About this task: Copy all entries verbatim and keep any pictures out of the copy.

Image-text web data
::::::::

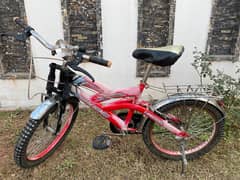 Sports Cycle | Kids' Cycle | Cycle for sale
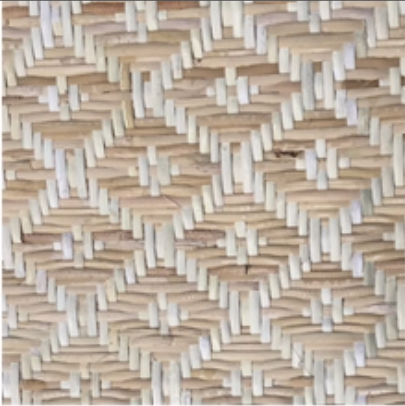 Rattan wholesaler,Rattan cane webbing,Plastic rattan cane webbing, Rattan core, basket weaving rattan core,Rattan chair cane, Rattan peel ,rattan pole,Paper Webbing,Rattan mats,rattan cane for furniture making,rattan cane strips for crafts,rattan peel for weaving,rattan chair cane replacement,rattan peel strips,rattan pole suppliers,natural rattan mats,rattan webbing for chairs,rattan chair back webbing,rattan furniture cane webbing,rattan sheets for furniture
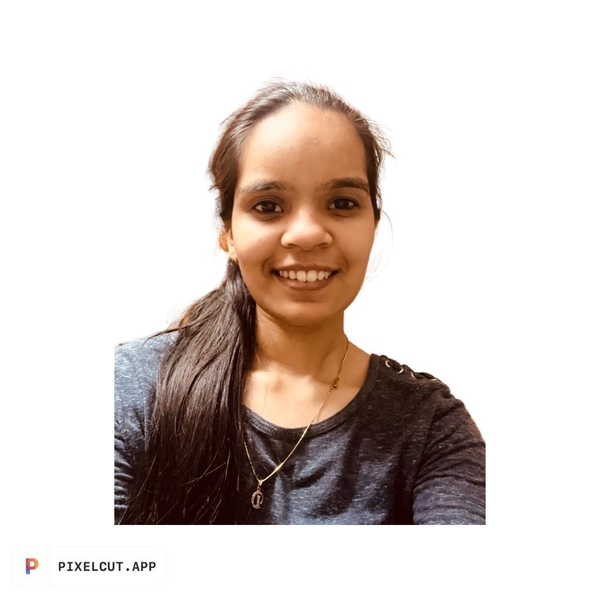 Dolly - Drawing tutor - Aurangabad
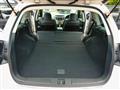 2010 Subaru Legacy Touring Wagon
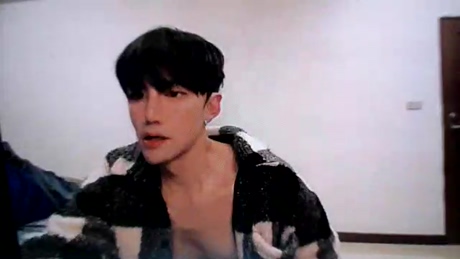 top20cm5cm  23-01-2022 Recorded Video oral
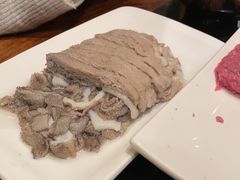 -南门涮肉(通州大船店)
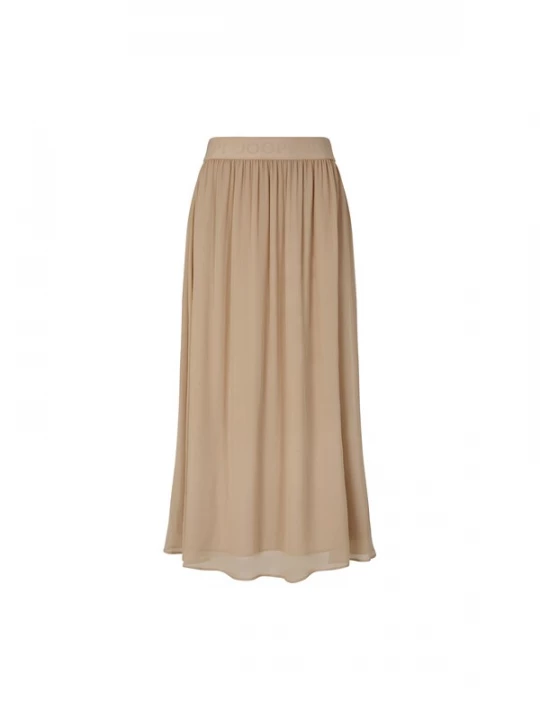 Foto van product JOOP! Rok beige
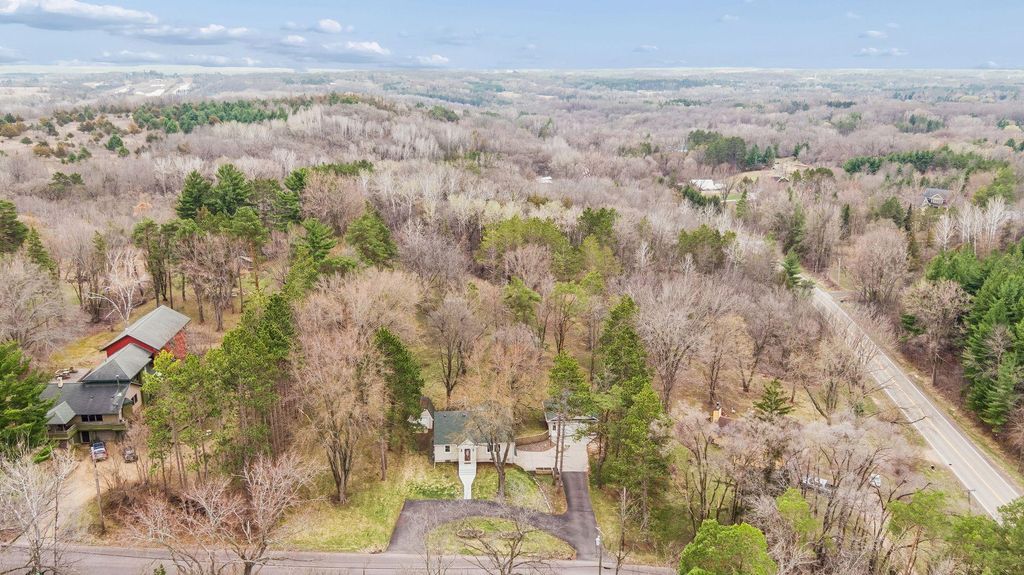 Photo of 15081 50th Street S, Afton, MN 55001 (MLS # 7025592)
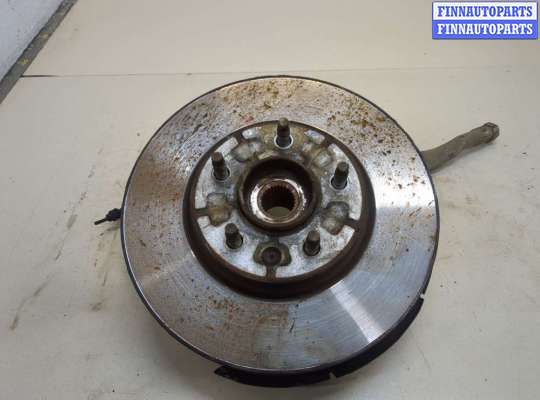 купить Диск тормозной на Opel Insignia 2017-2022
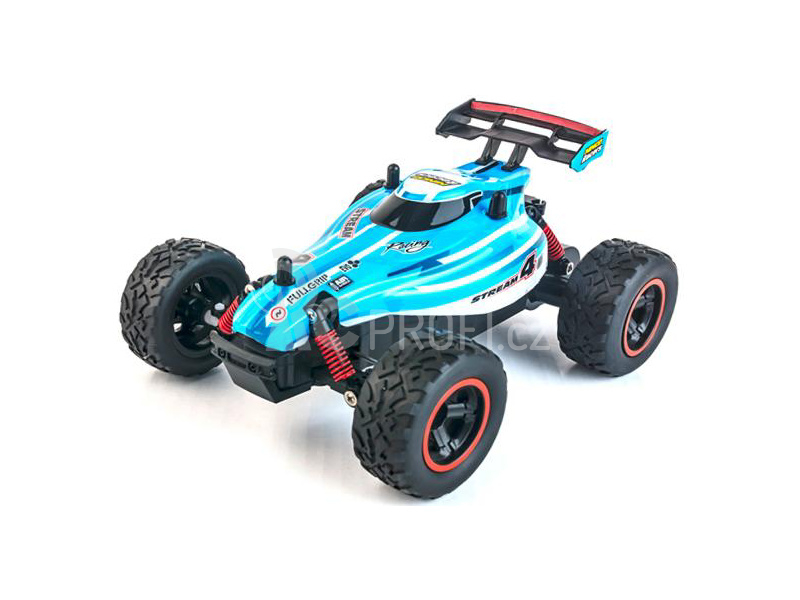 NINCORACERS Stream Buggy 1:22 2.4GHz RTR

::::::::

Finished task:
 Sports Cycle | Kids' Cycle | Cycle for sale
 Rattan wholesaler,Rattan cane webbing,Plastic rattan cane webbing, Rattan core, basket weaving rattan core,Rattan chair cane, Rattan peel ,rattan pole,Paper Webbing,Rattan mats,rattan cane for furniture making,rattan cane strips for crafts,rattan peel for weaving,rattan chair cane replacement,rattan peel strips,rattan pole suppliers,natural rattan mats,rattan webbing for chairs,rattan chair back webbing,rattan furniture cane webbing,rattan sheets for furniture
 Dolly - Drawing tutor - Aurangabad
 2010 Subaru Legacy Touring Wagon
 top20cm5cm  23-01-2022 Recorded Video oral
 -南门涮肉(通州大船店)
 Foto van product JOOP! Rok beige
 Photo of 15081 50th Street S, Afton, MN 55001 (MLS # 7025592)
 купить Диск тормозной на Opel Insignia 2017-2022
 NINCORACERS Stream Buggy 1:22 2.4GHz RTR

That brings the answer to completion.